En effet, le budget de Pôle emploi repose en grande partie (75 %) sur les recettes de l’assurance chômage qui ont fortement diminué avec la baisse des cotisations dues à la crise économique. Le montant des cotisations de l’Unedic est calculé à N-2, ce sera donc en 2022 que la crise économique se fera pleinement sentir sur les finances de Pôle emploi. Son directeur général, Jean Bassère a déjà alerté sur « l’impasse financière » de l’établissement public l’année prochaine. Une situation qui pourrait conduire le gouvernement à vouloir maintenir coûte que coûte la dégressivité des allocations des cadres ou le nouveau mode de calcul de l’indemnisation censé conduire à 1,3 milliard d’économies par an.

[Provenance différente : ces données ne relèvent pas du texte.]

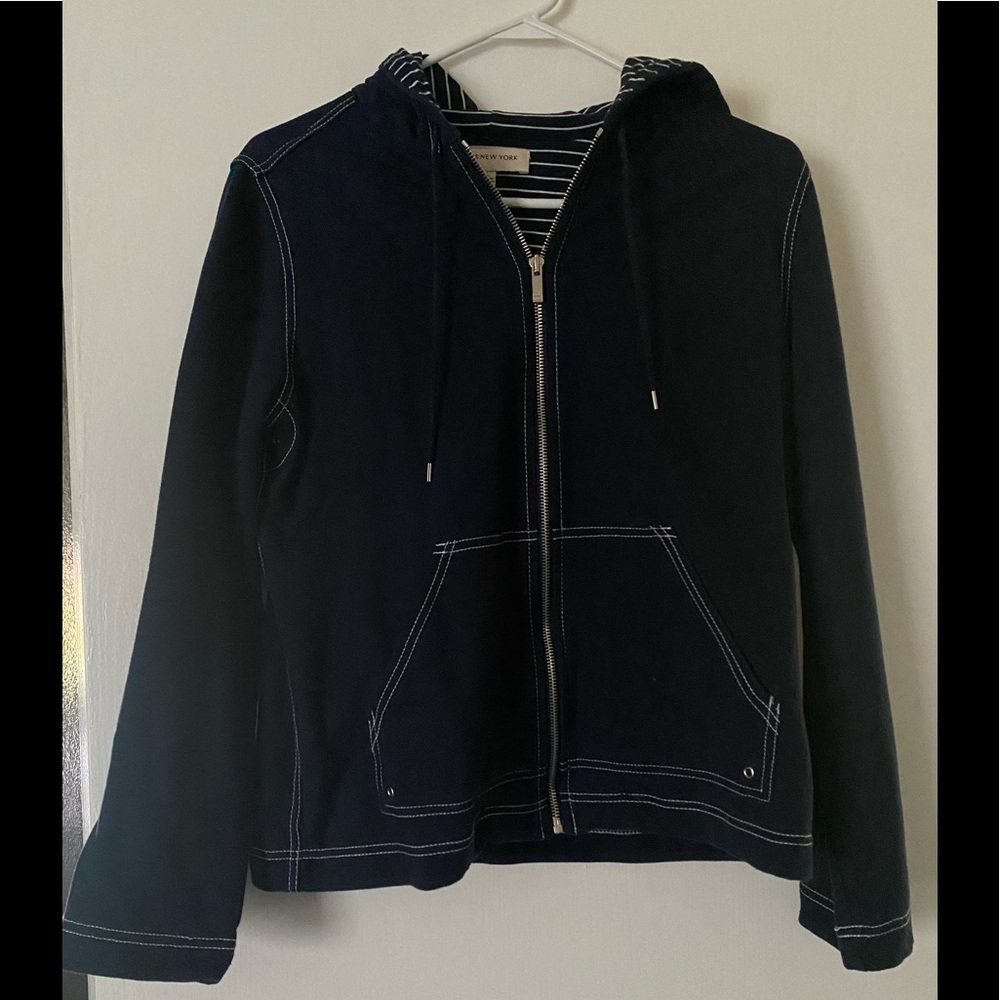 Jones New York womens size large zip up navy sweater/jacket​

« La dette de l’Unedic est en train de s’accroître et à l’approche de l’élection présidentielle, le gouvernement veut envoyer le signal qu’il tient les cordons de la bourse », relève le sénateur LR René-Paul Savary qui préconise « de décaler la réforme en ce qui concerne les mesures immédiates ». « Vous ne pouvez pas mettre en place des conditions plus contraignantes aux chômeurs quand vous n’êtes pas en mesure de leur proposer de l’emploi. C’est un peu comme le carnet vaccinal. Si vous n’avez pas suffisamment de doses de vaccins, vous ne pouvez pas l’imposer ».

« Le simple bon sens aurait été d’attendre une période plus propice »

Même sentiment de l’autre côté de l’hémicycle. « Le gouvernement n’a aucune bienveillance à l’égard des gens qui sont en difficulté. Difficulté que le gouvernement a participé à créer en dérégulant le marché du travail » s’indigne sur Public Sénat Sophie Taillé-Polian, sénatrice membre de Génération(s).

« Je tombe de ma chaise quand je vois que le gouvernement maintient cette réforme. Nous sommes à la veille de pertes d’emplois massifs, dans la restauration, les commerces, le monde de la culture… Le simple bon sens aurait été d’attendre une période plus propice », s’émeut Monique Lubin. La sénatrice PS des Landes qui était déjà fortement opposée à la réforme en 2019, note qu’en ce qui concerne la taxation des contrats courts, une période d’observation est envisagée « à la différence du durcissement des conditions d’indemnisation des chômeurs, qui eux vont payer tout de suite ». « L’économie est sous perfusion dans un certain nombre de secteurs où l’on applique le quoi qu’il en coûte. Ce principe n’existera plus dès lors que vous perdrez votre emploi. Il faut redonner la main aux partenaires sociaux et rebattre toutes les cartes » lance-t-elle.